--- Required action ---
An acceptable answer repeats exactly the line containing "3d view of Kǝnzǝ" and all lines that follow it in the listing below, and it includes no pictures.

--- Provided data ---
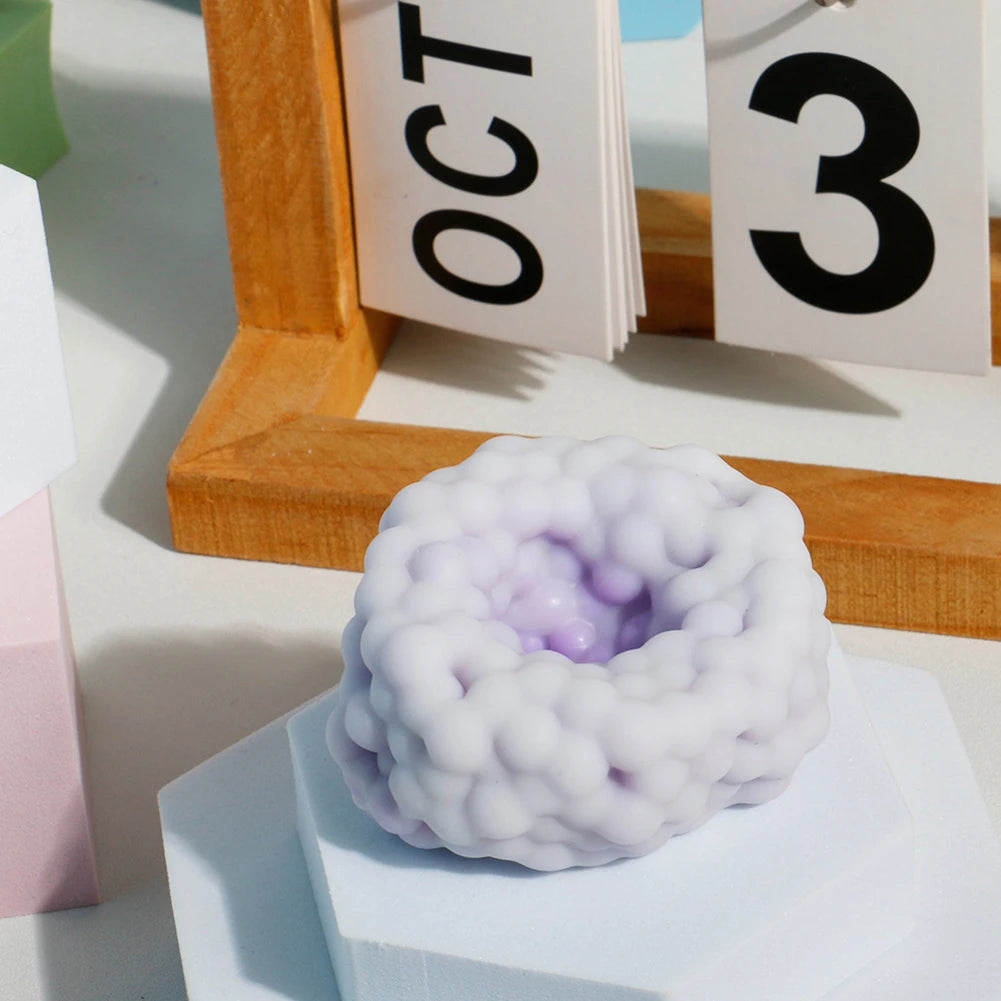 Crunchy Squishies Stress Ball Fidgets Toy Stress Anxiety Relief Balls Office Sand Filled Crunchy Balls Desk Squeeze Toys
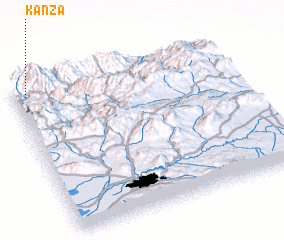 3d view of Kǝnzǝ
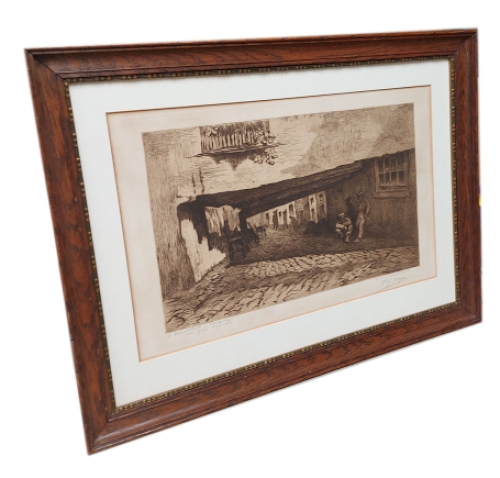 Ets van de Brusselse etser Pol Craps aankopen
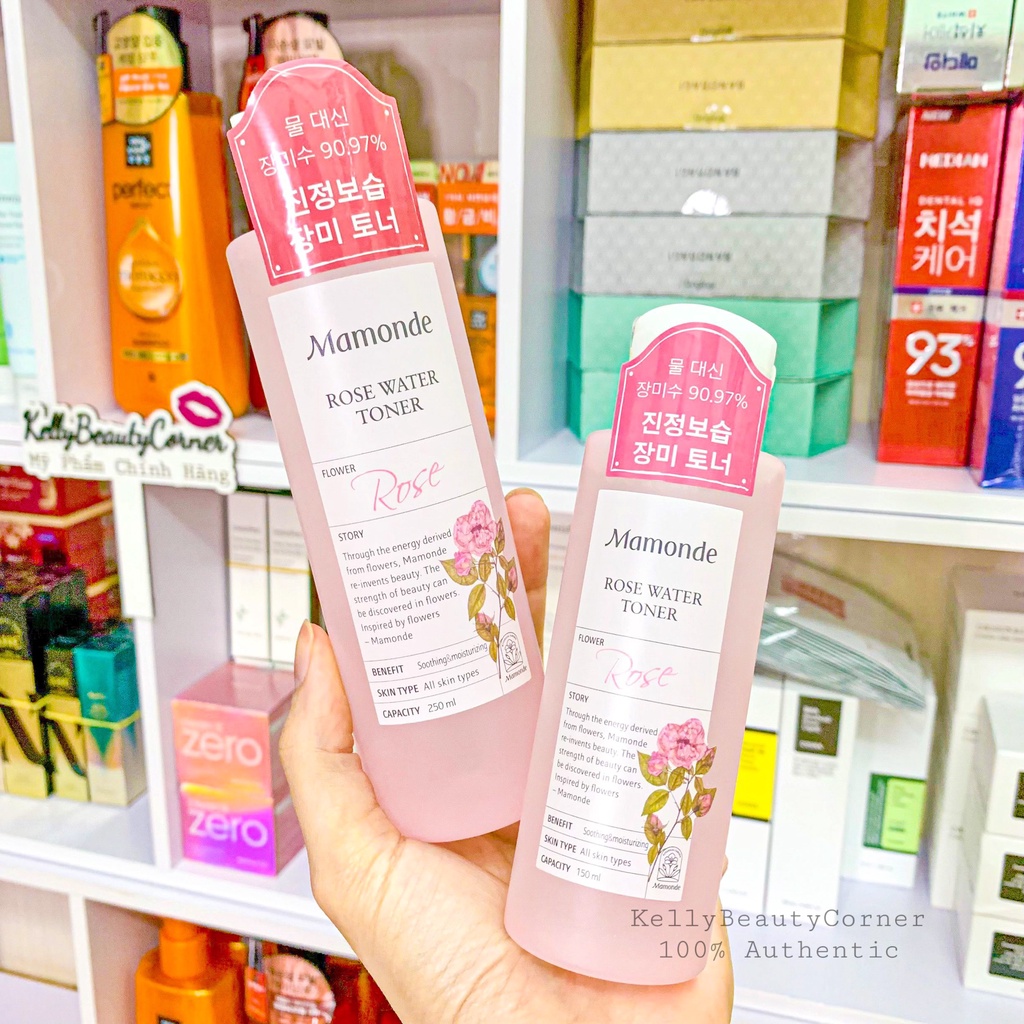 Nước hoa hồng Mamonde Rose Water Toner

--- Answer space ---
 3d view of Kǝnzǝ
 Ets van de Brusselse etser Pol Craps aankopen
 Nước hoa hồng Mamonde Rose Water Toner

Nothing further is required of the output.